Nous avons également identifié davantage de besoins en matière d’informations liées à la banquise, car la couverture spatiale ou dynamique des produits actuels ne permet pas de garantir les opérations maritimes dans l’Arctique. Autre élément important, les utilisateurs et les concepteurs s’accordent à dire que les utilisateurs ne connaissent pas suffisamment les produits d’informations sur la banquise déjà disponibles.

Le dernier kilomètre

Des efforts considérables ont été mis en œuvre pour financer des produits et services de prévision coproduits avec les utilisateurs. Le projet Umbrella, dans le cadre duquel notre étude a été menée, a également permis de coproduire de nombreux produits d’information sur la banquise pour les régions côtières du Groenland et du Svalbard. Citons par exemple un atlas des icebergs, des produits sur la banquise côtière, des cartes des glaces et des outils de prévisions saisonnières.

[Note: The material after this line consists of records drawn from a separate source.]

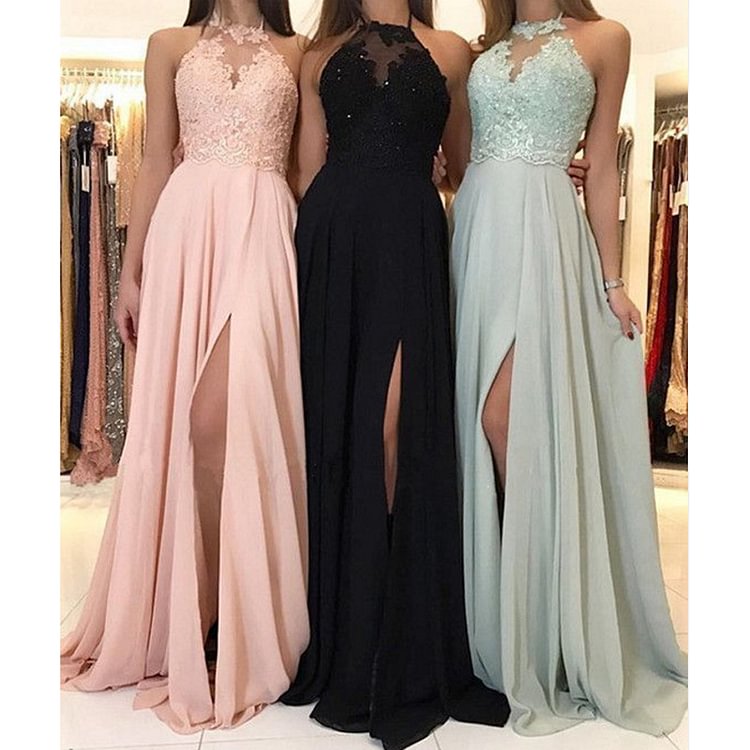 Women's Sexy Lace Long Skirt Bandage Bodycon Dress Prom Dress Slip Dress Corset Dress
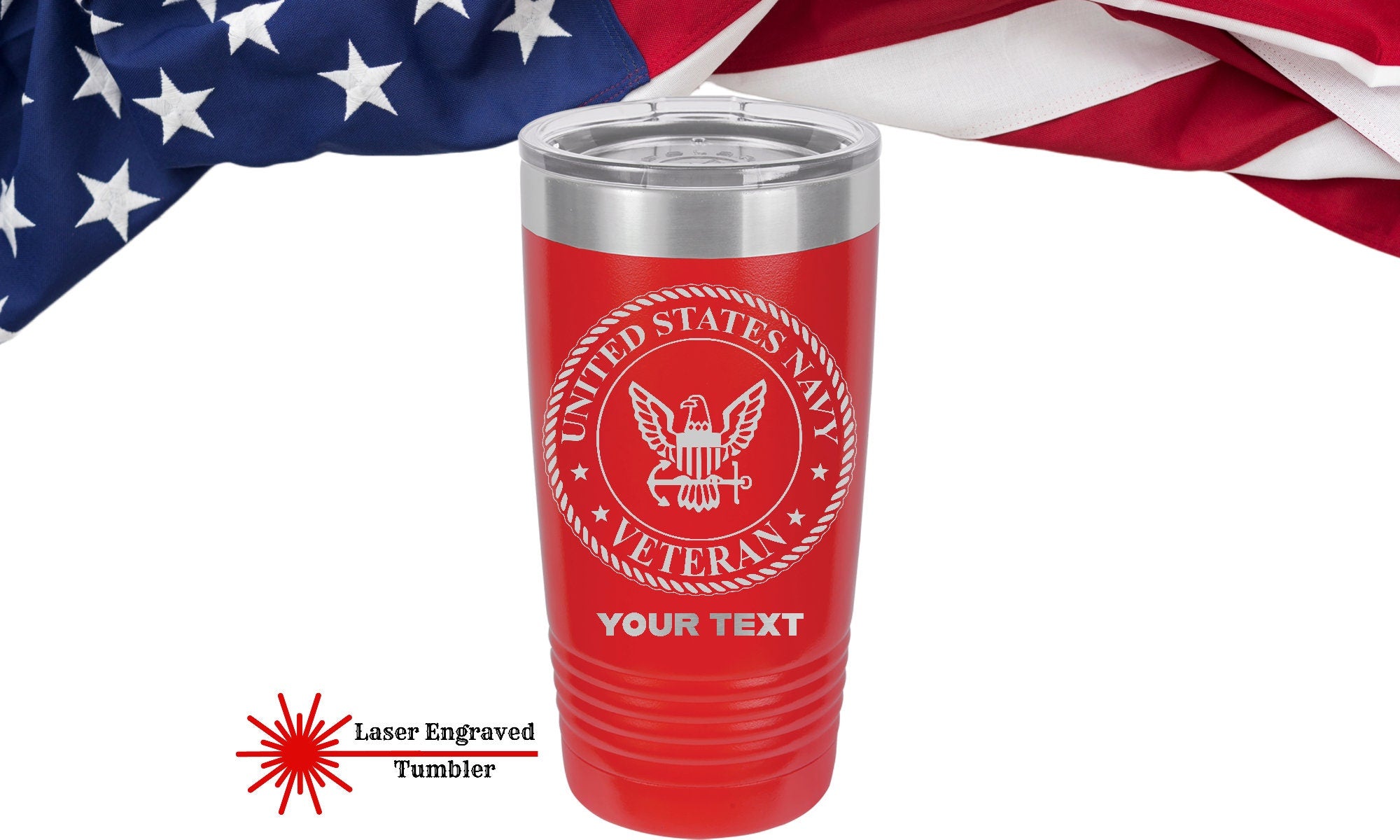 US Military Veteran Tumbler, Air Force Personalized Navy Vet Bottle, US Army Veteran Can Cooler Marine Veterans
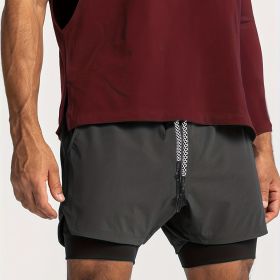 Versatile Summer Shorts with Zipper Pocket for Your Ultimate Workout (Color: dark gray)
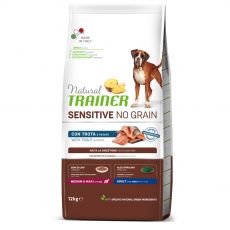 Trainer Natural Sensitive NO GRAIN M/M Adult Trout 12 kg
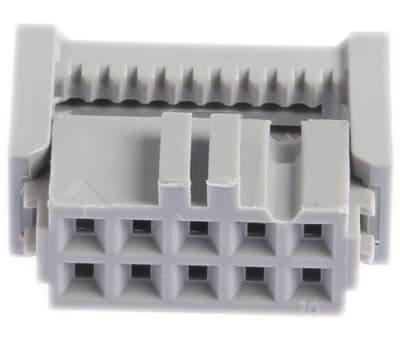 Product image for 891 SERIES 2.54MM IDC CABLE SOCKET, 10P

Mais si l’offre de produits exploitables s’étoffe, leur utilisation ne se répand pas en conséquence. Dans notre étude, nous soutenons que les transitions réglementaires et institutionnelles (c’est-à-dire les financements) sont essentielles pour combler ce fossé. Les concepteurs et les utilisateurs de ces produits s’accordent sur un certain nombre de possibilités d’amélioration qui permettraient de répandre leur adoption. Pour maximiser la valeur de la coproduction, il faut passer d’un modèle d’évaluation continue des déséquilibres entre l’offre et la demande (recherche de faits) à des investissements équilibrés dans la mise en œuvre des changements nécessaires (agir en fonction de ce que nous savons déjà).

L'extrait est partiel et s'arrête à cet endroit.